Asimismo, partiendo de la máxima de los estoicos, atribuida a Epicteto, «sustine et abstine», es decir «soporta y renuncia», de las cualidades de los atletas modernos podrían decirse muchas cosas. De Biles, por mucho que traten de impedirlo algunos columnistas, maniatados por la corrección política, también. Y a pesar de que sería insolente despreciar la carrera de la gimnasta más laureada de la historia, tal como refleja su impecable palmarés, la retahíla de mensajes condescendientes que han surgido tras su renuncia, provocada por un ataque de ansiedad —cuya causa no es, en absoluto, despreciable—, es un ataque frontal a las virtudes de los atletas. Cabe aquí señalar, para los despistados, que «abstine» no es equivalente o atribuible a la ‘renuncia’ de la competición olímpica, sino que los estoicos destacaban el rechazo de los vicios, cualidad ostensiblemente ausente en algunos atletas modernos, así evidenciado en la fiesta que han montado los deportistas eslovenos recientemente, o en la misma decisión del Comité de disponer de camas ‘antisexo’ en la Villa. Algo nada sorprendente en nuestra civilización occidental —nada que decir sobre los autómatas chinos—, que pronuncia sus agónicos estertores y que, por consiguiente, confunde el vicio con la virtud. Con todo, de agón, contienda, dialéctica y sacrificio los atletas tomaron cuatro tazas al elegir su camino. Si Atalanta hubiera conocido la vida de un atleta del presente, ¿habría optado por ocupar el mismo cuerpo?

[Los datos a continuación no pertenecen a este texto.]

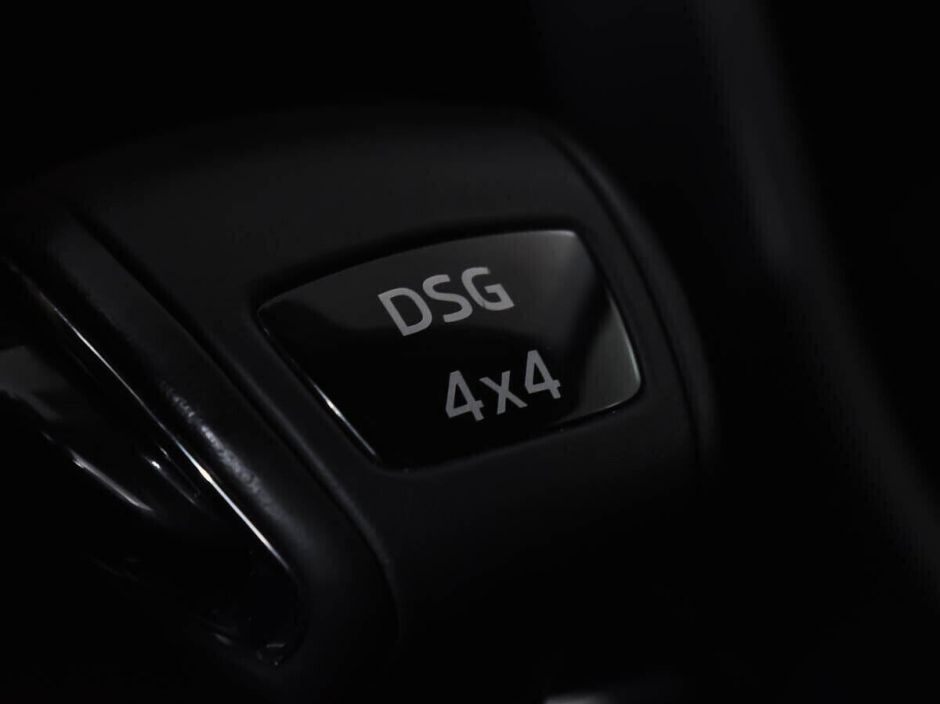 Skoda Kodiaq 2.0 РКПП, 2018, 68 000 км фото 10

«Hay que priorizar la salud mental». La amarga melodía del requiem deportivo de Biles, que no descarta su resurrección, invocó palabras que han resonado estos últimos días en los medios para palmear su hombro y deleitarnos con la lección pedagógica que reza sobre el «otra vez será». Es obvio que, para la gimnasta, no tuvo que ser en absoluto una decisión fácil, pues suponía echar por la borda la preparación anterior a la competición y, además, teniendo en cuenta que la categoría deportiva era por grupos, la elección de ‘dejar de lado’ a sus compañeras de equipo era drástica. Paralelamente, hay quienes opinan que la superioridad del equipo ruso amedrentó a Biles sobrecogiéndola de tal manera que no pudo soportar la presión. Sea como fuere, la reacción de algunas personalidades (políticos, deportistas, opinólogos, sicofantes, etc.) ha sido determinante para, al menos en un intento, sacar varias conclusiones. Y es que ¿acaso la fortaleza y la templanza -virtudes cardinales junto a la prudencia y la justicia- no son inherentes al atleta? ¿Acaso no deberían ser esas cualidades las que esos ecos vociferantes destacaran de un deportista? ¿Por qué ser condescendiente con quien, perteneciendo a la élite más alta y selecta, decide abandonar una competición tan importante en el último instante por un ataque de ansiedad?

No abruma que, al fin y al cabo, a la generación millennial y a las subsiguientes, criadas entre algodones, se las considere, en conjunto, como la ‘generación de cristal’. El apelativo, sin embargo, da la espalda al producto que resulta de la reiterada condescendencia. Una innecesaria compasión que atiborra hasta el empacho a los trastornos como la ansiedad al ‘publicitarlos’, que no ‘visibilizarlos’, como si irremediablemente ciegos fuéramos incapaces de mantener nuestros párpados en tensión, bien abiertos, y miráramos sin miedo, desafiantes, a nuestros demonios y ajenos. Quizá si sustituyéramos la autoayuda y otras pérfidas narrativas por un sólido planteamiento de soluciones, se podría evitar que la magnanimidad de Biles, y la de otros afectados por pequeños grandes deslices, se ahogara trágicamente en el Leteo.